Article 7: Wright Engine Rebuilding

In North York, on a street full of warehouses and vacant lots, there’s one lot crammed with cars. The cars don’t drive. They’re kept outside and collect rust and a few of them no longer have doors; their engines and batteries are missing.

I build them from scratch, said Bill, walking through the lot. Take them apart and put them back together. That’s what a car is, it’s just a bunch of pieces put together. 

Such pieces are strewn across the lot: cylinder frames brown with rust, metal barrels, buckets of brown goo, boxes, license plates and unidentifiable parts. 

Also in the lot is a metal machine standing in the corner, half covered in a white plastic tarp billowing in the wind. 

That thing? That’s a drill presser, says Bill. I’m holding it for a friend. Mind giving me a hand? He’s speaking to two young men, two trespassers he found shooting a film in his lot. They were rehearsing a scene when he found them. Oh, hello, sir, one of them said. 

Bill hobbles to the drill press, carrying his weight, watching where he steps. I’m diabetic, he says. In the summer the heat was so bad the insulin didn’t work. I had ulcers on my legs and on my foot. They’re healed now, more or less. 

With the young men’s assistance, Bill pulls the tarp over the drill press, and picks up bricks and other objects to hold the tarp down. It’s a cold, nippy day. 

You can take that, he says. He’s referring to a light stand that one of the young men has picked up and is inspecting. The young man puts it down. 

A shutter clicks. For a brief moment, Bill looks into the camera. He’s a large man, and wears a dusty, navy blue windbreaker that hugs his round belly. White wiry strands of hair form a bush on his chin; the hair sprouting from his balding head is wispy and sere. 

If you need anything, I can give you my phone number, Bill tells one of the young men. 

The young man pulls out his phone and Bill tells him his phone number. You can visit or call any time if you have a question, says Bill. They shake hands. 

As the young men are leaving, Bill smiles and asks a question: Did you get what you wanted? The one holding the camera answers: Yeah. I think so. 

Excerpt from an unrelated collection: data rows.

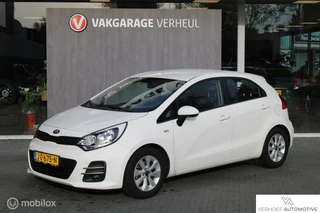 Hoofdafbeelding Kia Rio Kia Rio 1.2 CVVT ComfortPlusLine Navigator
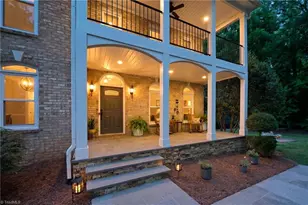 6808 Fox Horn Cir, Pfafftown, NC 27040 - Photo 34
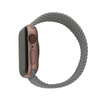 Pasek elastyczny L do Apple Watch 38/40/41 mm dł. 155 mm jasno szary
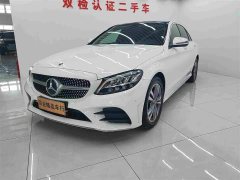 Mercedes-Benz C-Class 2020 C 200 L Fashion Sport Edition - ფოტო 3
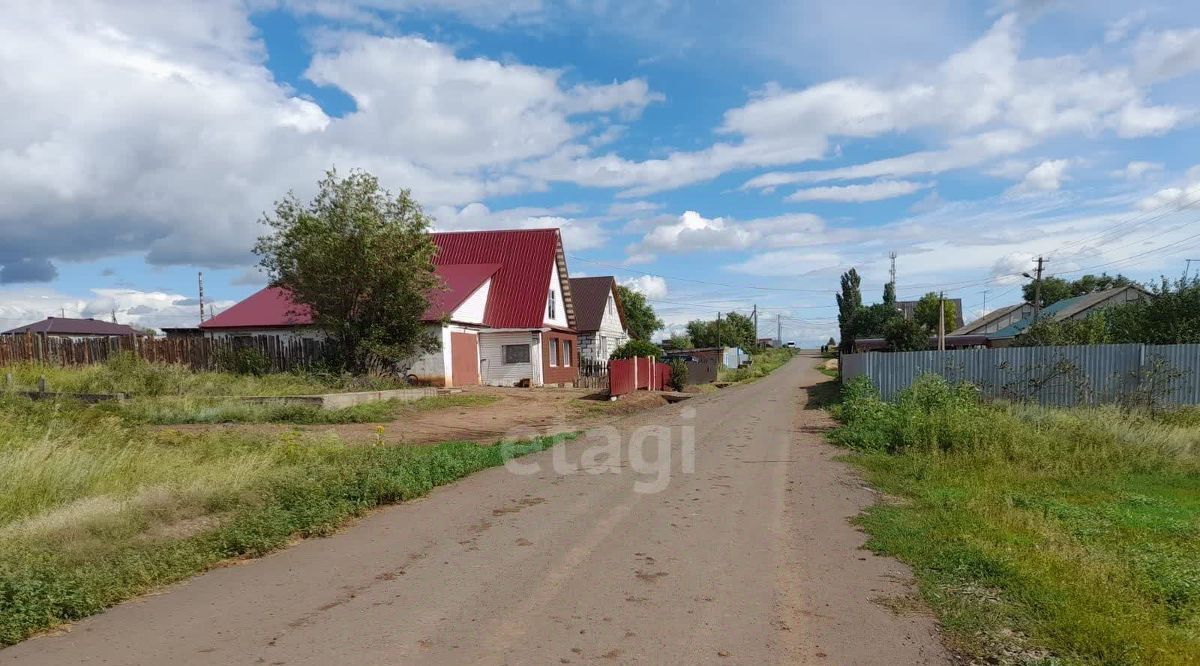 земля р-н Оренбургский п Приуральский ул Северная 3 фото 1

The backdoor that leads into the warehouse reads Wright Engine Rebuilding. The name is scratched in, as by a metal key. Bill opens the door and steps out of the cold. Shelves that touch the ceiling line the walls, full of cardboard boxes and torn packages and paper coffee cups. A rolling hill of tied grocery store bags and materials takes up the room, ceding only a narrow passage to cut across. 

Shutting the door behind him, Bill reenters his hidden, private room.